If you’re at all familiar with the movie, My Big Fat Greek Wedding, you must remember the “Mooscaca” scene! You can watch it here (@ 3:00 is the scene I’m talking about). That was my childhood! Being Armenian with a family from Egypt, my Mother didn’t know anything about Wonderbread. Or any sliced bread, for that matter. All of our sandwiches were on pita bread. And many times, there was hummus in that pita. This was over
forty thirty years ago (hey, stop trying to do the math!). No one in suburban New Jersey was eating pita bread or hummus for lunch. Except for me. I would beg my Mom to just buy Wonderbread. “Pleeeeeeaaaase can I just take a peanut butter and jelly on Wonderbread!” She’d reply “Hokees (sweetheart in Armenian), why would you want to eat that when this is so good?” Sigh. I’d cringe as I looked into my lunchbox. I can remember trying to find a way to eat the sandwich without taking it completely out in plain sight. I will say, no one teased me about it. They did ask me what the heck I was eating and that alone was all I needed to develop a full blown complex. One day, my friend Sandy must have felt sorry for me. She offered to trade sandwiches. That meant the world to me. Sandy’s family owned an Italian deli and she always had the most beautiful sandwiches. I don’t remember anything beyond that moment, just that she made me feel like less of a freak!
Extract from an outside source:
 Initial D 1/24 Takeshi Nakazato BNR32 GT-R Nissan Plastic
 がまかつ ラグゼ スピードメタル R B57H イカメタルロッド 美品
So, it’s not like I think I have any claim to hummus, but do I feel like it’s mine. I’m kidddddding! A little. It’s just that this is the type of food that was a staple in our home and back then, I felt like an oddball eating it! Now, it’s everywhere. Hummus is so popular that some tobacco farmers are switching to farming chickpeas instead of tobacco! So, I kind of feel like, well, my hummus is pretty darn good. Who knew that some of my most major hangups over food would pay off someday?
One of the wonderful things that has come to me because of my crazy relationship with food is this blog. Over the past few months, I’ve seen it grow and I’ve been hearing really sweet things from my awesome readers. You’ve all been so kind and supportive, I’d like to give a little something to you! Enter to win a $25 gift card to Bed Bath and Beyond courtesy of Taste Love & Nourish. I know I can always find a little something every time I go there! I love that store! Enter below! Good luck and thank you!
1 29 oz. can chickpeas, drained and rinsed well
1/3 C. tahini
juice of one lemon
zest of 1/2 lemon
up to 1/3 C. water (start with less and add a bit more if you need to thin it out)
2 T. extra virgin olive oil + more for drizzling on top
3/4 t. salt
a bit of black pepper
1/4 t. cumin
1 clove garlic, minced
sprinkling of crushed red pepper flakes
toasted or grilled pita bread or assorted veggies for serving
Combine the ingredients up to the garlic in the bowl of a food processor. Process until smooth. Spoon into a serving bowl and drizzle with more olive oil and sprinkle with some crushed red pepper flakes.
- I don’t add a lot of olive oil while processing. I feel like the flavor of the oil gets lost. I like to use the best quality extra virgin olive oil I can and use it more as a garnish. That way you really taste the fruity flavor on your tongue.
- I don’t use a ton of fresh garlic in this for a reason. I think raw garlic can be overwhelming. If I roast garlic beforehand, I add a lot more than the one clove. Roasted garlic is mellow, sweet and delicious. To roast a head of garlic, cut a bit of the top off to expose the cloves, place the garlic in a bit of aluminum foil, drizzle with a tiny, tiny bit of olive oil and roast in an oven preheated to 350 degrees for about 30 to 45 minutes, depending on the size of the garlic. To test, just give it a light squeeze. If it’s softened, it’s done!